Chasing the Devil by Tim Butcher
One of my favorite genres is the literature of travel—that idiosyncratic blend of reporting, history, and personal rumination that has always been such a strong tradition in England. We have excellent travel magazines, and some of our best writers contribute to them; but, apart from Paul Theroux (who lived in England for so long that he hardly counts as American), we rely largely on imports to show us how the thing is done. D.H. Lawrence’s Sea and Sardinia; Evelyn Waugh’s Mediterranean Journal; E.M. Forster’s Alexandria: A History and Guide: virtually every English writer of note, going back to Boswell and Dickens, has contributed a volume to the travel bookshelf. The impulse to leave home—and write about it—is in their blood.
These are the amateurs of the form, canonical English writers roaming the globe. But there has always been a robust line of professionals for whom travel literature is their chosen form: Wilfrid Thesiger, Freya Stark, Bruce Chatwin, Norman Douglas. Again, a long shelf.
Tim Butcher, whose Chasing the Devil we’ve just published, belongs to the latter—though in the end, like all great writers, he eludes classification. Subtitled A Journey Through Sub-Saharan Africa in the Footsteps of Graham Greene, it chronicles, with unnerving vividness, his trek—mostly on foot—through the jungles of Liberia. Like Redmond O’Hanlon’s In Trouble Again: A Journey Between the Orinoco and the Amazon—the title tells the story—Chasing the Devil is an account of a trip to hell. It even has a touch of our American master of misadventure Hunter Thompson’s “fear and loathing.”
Butcher, whose previous book Blood River was a bestseller in the UK, here returns to the continent he chronicled in following the legendary explorer H.M. Stanley’s perilous journey through the Congo; only this time he’s ventured even deeper into the Conradian Heart of Darkness.

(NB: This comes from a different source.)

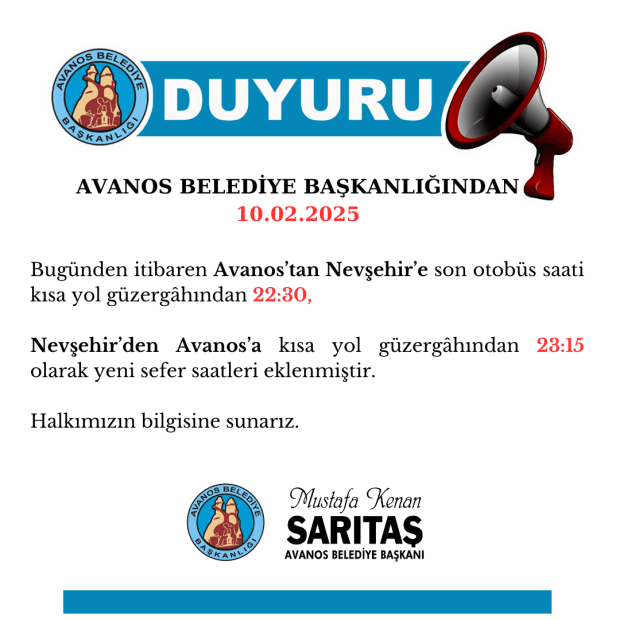 Avanos-Nevşehir Arası Son Otobüs Saatlerine Yeni Seferler Eklendi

His nerve-rending encounters with witch doctors, crazed mercenaries, forgotten missionaries, and other human apparitions will both thrill you and make you glad you stayed home.
Its early fans are numerous and prominent. Anthony Bourdain lauds Butcher’s book “amazing as history, as anthropology, as a ripping yarn,” and Archbishop Tutu calls it “an inspirational account of humanity’s wonderful spirit to survive.” Paul Theroux, who should know, gives Chasing the Devil the highest plaudit of all: in his view, Butcher “in many ways goes deeper than Greene”—and deeper than that few want to go.